En palabras de Urkullu existe una «alta probabilidad de que sea necesario adoptar estas próximas semanas nuevas medidas, más restrictivas e intensas». Estas declaraciones las ha realizado en una comparecencia oficial en la sede de Lehendakaritza. El Lehendakari ha estado acompañado en su comparecencia de la consejera de Salud, Gotzone Sagardui, donde ha anunciado que la petición del estado de alarma ya está formalizada.

El presidente del Gobierno Vasco ha señalado que son varias las razones que motivan esta petición. Entre ellas, «la escalada de casos positivos que se está produciendo estos últimos días». Una tendencia que «se seguirá manteniendo también los próximos días». Y que las «limitaciones de actuación con que se encuentra el Gobierno Vasco desde el punto de vista jurídico», después de que el TSJPV no haya autorizado en varias ocasiones prohibiciones que pretendía establecer, al considerar que «vulneran derechos fundamentales». Ayer mismo, el alto tribunal vasco impidió la limitación a seis personas de los encuentros sociales en lugares públicos y privados.

Nuevas medidas

El Lehendakari ha afirmado que existe, además, una «alta probabilidad de que sea necesario adoptar estas próximas semanas nuevas medidas, más restrictivas e intensas, para contener la propagación del virus».

Esta decisión de Iñigo Urkullu de solicitar el estado de alarma ha sido comunicada a todas las instituciones vascas que forman parte del Comité Asesor de Protección Civil de Euskadi. Cuenta con el respaldo de las autoridades sanitarias, tanto del Departamento de Salud como de la Comisión técnica del LABI. «Se trata de una decisión que, en Euskadi, puede permitir responder de forma más adecuada a la realidad, evolución y circunstancias», ha aseverado Urkullu.

Reducción de la movilidad

Pedro Sánchez ha reconocido también este viernes que la situación de la pandemia de coronavirus en España es «grave» y empeorará con la llegada del invierno, por lo que ha pedido «determinación» y «unidad» a las fuerzas políticas para doblegar la segunda curva «al igual» que se hizo con la primera, lo que pasa por reducir la movilidad.

En una declaración institucional desde el Palacio de la Moncloa, Sánchez ha asegurado que la «realidad sin adornos» es que España está registrando picos récord de contagios, lo que ha llevado a varias comunidades autónomas a adoptar medidas cada vez más restrictivas.

En este punto, ha subrayado que las comunidades autónomas son las responsables de las medidas que se deban ir adoptando y, cuando una de ellas alcance un nivel de alerta «extrema», podría requerir de iniciativas excepcionales que «podrían» necesitar el sustento del estado de alarma.

Los españoles, a favor de medidas más duras

El número de españoles a favor de tomar medidas de control y aislamiento más exigentes ha aumentado del 53 al 62,4 por ciento. Esto significa que los que prefieren continuar como hasta ahora bajan hasta el 20,1 por ciento de la población.

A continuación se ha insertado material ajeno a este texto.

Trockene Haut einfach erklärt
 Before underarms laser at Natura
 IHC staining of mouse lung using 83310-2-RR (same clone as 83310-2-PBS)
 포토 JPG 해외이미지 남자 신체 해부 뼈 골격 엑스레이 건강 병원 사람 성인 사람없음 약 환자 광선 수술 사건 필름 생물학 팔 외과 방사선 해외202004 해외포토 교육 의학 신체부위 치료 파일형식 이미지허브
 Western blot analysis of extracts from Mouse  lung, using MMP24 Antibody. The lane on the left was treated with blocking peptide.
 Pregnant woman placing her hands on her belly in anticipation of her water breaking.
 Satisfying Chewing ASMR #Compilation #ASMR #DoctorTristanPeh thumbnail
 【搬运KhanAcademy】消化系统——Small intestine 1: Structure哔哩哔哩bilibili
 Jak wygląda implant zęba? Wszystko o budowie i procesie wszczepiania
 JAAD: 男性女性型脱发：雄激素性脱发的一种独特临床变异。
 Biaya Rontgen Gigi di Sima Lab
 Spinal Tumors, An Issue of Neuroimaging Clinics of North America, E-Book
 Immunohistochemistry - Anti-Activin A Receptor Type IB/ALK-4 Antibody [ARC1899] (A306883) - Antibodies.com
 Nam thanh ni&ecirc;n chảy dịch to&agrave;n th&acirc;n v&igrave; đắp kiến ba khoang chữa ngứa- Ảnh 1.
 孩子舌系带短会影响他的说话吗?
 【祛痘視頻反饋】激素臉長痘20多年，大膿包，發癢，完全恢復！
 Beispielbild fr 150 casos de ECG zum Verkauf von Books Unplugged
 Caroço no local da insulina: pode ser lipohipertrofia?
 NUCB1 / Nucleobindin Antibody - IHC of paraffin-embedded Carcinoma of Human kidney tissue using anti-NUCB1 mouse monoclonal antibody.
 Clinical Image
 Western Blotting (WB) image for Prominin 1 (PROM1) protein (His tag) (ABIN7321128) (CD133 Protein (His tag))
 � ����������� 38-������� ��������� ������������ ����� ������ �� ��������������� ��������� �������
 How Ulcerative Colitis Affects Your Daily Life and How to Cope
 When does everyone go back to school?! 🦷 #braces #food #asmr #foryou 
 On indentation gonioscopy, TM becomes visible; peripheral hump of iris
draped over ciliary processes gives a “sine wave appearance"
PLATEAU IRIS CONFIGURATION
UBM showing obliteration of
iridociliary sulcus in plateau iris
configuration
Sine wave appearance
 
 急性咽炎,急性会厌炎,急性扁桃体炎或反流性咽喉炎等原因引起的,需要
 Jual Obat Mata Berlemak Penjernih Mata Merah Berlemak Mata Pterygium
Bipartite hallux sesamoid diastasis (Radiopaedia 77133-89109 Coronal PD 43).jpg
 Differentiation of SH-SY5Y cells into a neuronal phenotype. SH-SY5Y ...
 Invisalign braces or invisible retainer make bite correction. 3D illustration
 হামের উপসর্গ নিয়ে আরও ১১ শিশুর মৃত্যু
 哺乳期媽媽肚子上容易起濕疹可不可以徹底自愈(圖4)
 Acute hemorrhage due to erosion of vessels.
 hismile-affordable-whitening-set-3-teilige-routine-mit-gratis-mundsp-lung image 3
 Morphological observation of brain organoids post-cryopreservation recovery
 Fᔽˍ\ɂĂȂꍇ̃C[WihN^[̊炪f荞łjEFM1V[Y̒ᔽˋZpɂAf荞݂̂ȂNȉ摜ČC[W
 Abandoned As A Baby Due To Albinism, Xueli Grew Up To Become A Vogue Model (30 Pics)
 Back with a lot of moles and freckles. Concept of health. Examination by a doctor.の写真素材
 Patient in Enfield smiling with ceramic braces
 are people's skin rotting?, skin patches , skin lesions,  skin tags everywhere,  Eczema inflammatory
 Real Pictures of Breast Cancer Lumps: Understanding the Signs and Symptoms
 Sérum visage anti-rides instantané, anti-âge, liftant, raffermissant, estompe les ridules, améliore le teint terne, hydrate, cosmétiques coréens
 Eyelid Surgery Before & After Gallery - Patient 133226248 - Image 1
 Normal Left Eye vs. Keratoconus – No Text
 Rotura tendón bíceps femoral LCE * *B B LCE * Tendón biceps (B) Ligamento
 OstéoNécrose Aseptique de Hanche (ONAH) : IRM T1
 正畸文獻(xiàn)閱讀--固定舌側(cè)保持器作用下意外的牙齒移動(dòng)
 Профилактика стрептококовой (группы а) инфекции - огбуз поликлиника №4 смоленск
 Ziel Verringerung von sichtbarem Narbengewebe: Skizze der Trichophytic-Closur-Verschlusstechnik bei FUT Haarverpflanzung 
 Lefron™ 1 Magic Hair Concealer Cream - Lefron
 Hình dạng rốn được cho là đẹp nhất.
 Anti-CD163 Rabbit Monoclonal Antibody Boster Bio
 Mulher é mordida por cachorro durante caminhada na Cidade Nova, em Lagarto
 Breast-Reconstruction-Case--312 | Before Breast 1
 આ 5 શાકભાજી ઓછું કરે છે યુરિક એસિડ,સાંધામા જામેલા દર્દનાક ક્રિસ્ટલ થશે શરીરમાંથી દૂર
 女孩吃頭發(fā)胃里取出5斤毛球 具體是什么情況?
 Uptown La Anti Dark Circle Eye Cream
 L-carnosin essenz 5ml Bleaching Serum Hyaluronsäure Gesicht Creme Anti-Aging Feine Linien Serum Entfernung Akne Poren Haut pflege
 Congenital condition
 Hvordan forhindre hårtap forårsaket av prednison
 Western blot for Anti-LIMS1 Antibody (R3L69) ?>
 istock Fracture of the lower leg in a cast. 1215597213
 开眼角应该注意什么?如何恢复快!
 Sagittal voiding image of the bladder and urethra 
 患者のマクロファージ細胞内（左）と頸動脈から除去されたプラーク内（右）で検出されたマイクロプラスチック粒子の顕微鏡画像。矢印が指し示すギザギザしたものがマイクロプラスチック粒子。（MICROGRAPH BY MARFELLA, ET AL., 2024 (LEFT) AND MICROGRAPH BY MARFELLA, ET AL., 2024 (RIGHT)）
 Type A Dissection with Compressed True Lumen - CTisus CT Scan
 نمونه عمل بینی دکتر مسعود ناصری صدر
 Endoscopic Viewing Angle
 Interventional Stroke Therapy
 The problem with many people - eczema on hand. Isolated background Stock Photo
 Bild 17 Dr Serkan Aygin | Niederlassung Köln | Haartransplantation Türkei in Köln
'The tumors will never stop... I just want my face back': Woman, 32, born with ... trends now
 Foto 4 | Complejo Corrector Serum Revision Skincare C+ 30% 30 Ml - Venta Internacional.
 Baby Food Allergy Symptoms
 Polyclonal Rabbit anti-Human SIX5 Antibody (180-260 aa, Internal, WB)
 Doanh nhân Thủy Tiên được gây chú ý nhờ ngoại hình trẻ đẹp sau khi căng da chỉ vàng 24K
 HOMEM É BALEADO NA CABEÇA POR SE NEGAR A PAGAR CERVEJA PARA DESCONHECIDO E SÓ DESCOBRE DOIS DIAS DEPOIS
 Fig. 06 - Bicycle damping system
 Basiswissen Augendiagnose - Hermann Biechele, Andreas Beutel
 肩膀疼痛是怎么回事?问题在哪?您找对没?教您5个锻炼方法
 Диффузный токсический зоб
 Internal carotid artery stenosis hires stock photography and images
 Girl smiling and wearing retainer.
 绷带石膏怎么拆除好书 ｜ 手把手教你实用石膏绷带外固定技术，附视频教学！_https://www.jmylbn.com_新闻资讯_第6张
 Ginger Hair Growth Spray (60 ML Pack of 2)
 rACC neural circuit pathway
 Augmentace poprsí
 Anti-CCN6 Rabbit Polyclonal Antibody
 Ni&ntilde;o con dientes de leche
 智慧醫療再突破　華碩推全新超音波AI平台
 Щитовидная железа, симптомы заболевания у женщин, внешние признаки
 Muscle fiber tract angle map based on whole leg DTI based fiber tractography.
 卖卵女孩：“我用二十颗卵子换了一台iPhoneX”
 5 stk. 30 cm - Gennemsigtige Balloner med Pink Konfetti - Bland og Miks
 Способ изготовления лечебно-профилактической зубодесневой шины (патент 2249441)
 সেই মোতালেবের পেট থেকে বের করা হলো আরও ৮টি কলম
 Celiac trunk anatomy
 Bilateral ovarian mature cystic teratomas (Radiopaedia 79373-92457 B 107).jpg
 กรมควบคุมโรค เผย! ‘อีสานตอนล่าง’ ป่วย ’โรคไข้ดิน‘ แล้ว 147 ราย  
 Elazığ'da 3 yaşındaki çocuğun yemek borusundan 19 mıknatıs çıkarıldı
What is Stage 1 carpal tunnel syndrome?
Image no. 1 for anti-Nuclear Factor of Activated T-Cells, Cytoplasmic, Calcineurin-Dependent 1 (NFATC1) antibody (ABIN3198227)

Asimismo, un 2,5 por ciento afirma que se deberían tomar medidas dependiendo de cada zona, mientras que permanecen estable la población que duda o desconoce qué medidas deberían tomarse (7,4%).

Además, un 1,6 por ciento apuesta por el desarrollo de nuevas medidas más eficaces y mejor planteadas; el 1,2 por ciento pide el cumplimiento de las medidas, más control y penalizaciones y un 1,1 por ciento afirma que se deben imponer medidas de concienciación ciudadana y responsabilidad.